* What is expected *
Give back all of the data exactly.
*** Opening of Data for analysis ***
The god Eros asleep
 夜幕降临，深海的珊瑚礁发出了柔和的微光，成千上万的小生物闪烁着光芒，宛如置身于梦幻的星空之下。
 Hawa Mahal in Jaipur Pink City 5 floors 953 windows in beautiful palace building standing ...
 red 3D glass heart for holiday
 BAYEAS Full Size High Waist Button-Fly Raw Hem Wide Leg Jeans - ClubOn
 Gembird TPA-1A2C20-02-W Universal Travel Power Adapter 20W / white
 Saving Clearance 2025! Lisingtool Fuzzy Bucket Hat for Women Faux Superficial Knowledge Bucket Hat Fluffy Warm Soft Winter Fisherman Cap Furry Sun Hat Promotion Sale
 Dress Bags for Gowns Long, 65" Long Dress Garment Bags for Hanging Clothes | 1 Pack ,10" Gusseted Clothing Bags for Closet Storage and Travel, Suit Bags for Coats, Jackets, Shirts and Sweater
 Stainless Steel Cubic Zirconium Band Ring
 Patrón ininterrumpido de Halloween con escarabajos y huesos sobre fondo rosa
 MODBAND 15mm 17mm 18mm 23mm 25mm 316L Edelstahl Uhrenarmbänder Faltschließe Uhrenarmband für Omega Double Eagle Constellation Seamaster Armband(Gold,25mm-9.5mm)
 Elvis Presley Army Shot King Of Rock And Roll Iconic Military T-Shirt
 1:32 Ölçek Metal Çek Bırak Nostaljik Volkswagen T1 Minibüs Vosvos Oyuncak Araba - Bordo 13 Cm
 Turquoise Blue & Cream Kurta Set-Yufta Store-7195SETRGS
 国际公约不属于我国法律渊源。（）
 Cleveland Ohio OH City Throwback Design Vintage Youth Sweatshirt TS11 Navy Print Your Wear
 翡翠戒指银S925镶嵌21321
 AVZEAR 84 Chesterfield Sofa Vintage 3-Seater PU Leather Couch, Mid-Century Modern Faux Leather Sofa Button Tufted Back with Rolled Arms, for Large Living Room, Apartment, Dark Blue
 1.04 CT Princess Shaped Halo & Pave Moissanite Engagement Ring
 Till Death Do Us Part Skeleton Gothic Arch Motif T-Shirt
*** Close of Data for analysis ***
* Completed exercise *
The god Eros asleep
 夜幕降临，深海的珊瑚礁发出了柔和的微光，成千上万的小生物闪烁着光芒，宛如置身于梦幻的星空之下。
 Hawa Mahal in Jaipur Pink City 5 floors 953 windows in beautiful palace building standing ...
 red 3D glass heart for holiday
 BAYEAS Full Size High Waist Button-Fly Raw Hem Wide Leg Jeans - ClubOn
 Gembird TPA-1A2C20-02-W Universal Travel Power Adapter 20W / white
 Saving Clearance 2025! Lisingtool Fuzzy Bucket Hat for Women Faux Superficial Knowledge Bucket Hat Fluffy Warm Soft Winter Fisherman Cap Furry Sun Hat Promotion Sale
 Dress Bags for Gowns Long, 65" Long Dress Garment Bags for Hanging Clothes | 1 Pack ,10" Gusseted Clothing Bags for Closet Storage and Travel, Suit Bags for Coats, Jackets, Shirts and Sweater
 Stainless Steel Cubic Zirconium Band Ring
 Patrón ininterrumpido de Halloween con escarabajos y huesos sobre fondo rosa
 MODBAND 15mm 17mm 18mm 23mm 25mm 316L Edelstahl Uhrenarmbänder Faltschließe Uhrenarmband für Omega Double Eagle Constellation Seamaster Armband(Gold,25mm-9.5mm)
 Elvis Presley Army Shot King Of Rock And Roll Iconic Military T-Shirt
 1:32 Ölçek Metal Çek Bırak Nostaljik Volkswagen T1 Minibüs Vosvos Oyuncak Araba - Bordo 13 Cm
 Turquoise Blue & Cream Kurta Set-Yufta Store-7195SETRGS
 国际公约不属于我国法律渊源。（）
 Cleveland Ohio OH City Throwback Design Vintage Youth Sweatshirt TS11 Navy Print Your Wear
 翡翠戒指银S925镶嵌21321
 AVZEAR 84 Chesterfield Sofa Vintage 3-Seater PU Leather Couch, Mid-Century Modern Faux Leather Sofa Button Tufted Back with Rolled Arms, for Large Living Room, Apartment, Dark Blue
 1.04 CT Princess Shaped Halo & Pave Moissanite Engagement Ring
 Till Death Do Us Part Skeleton Gothic Arch Motif T-Shirt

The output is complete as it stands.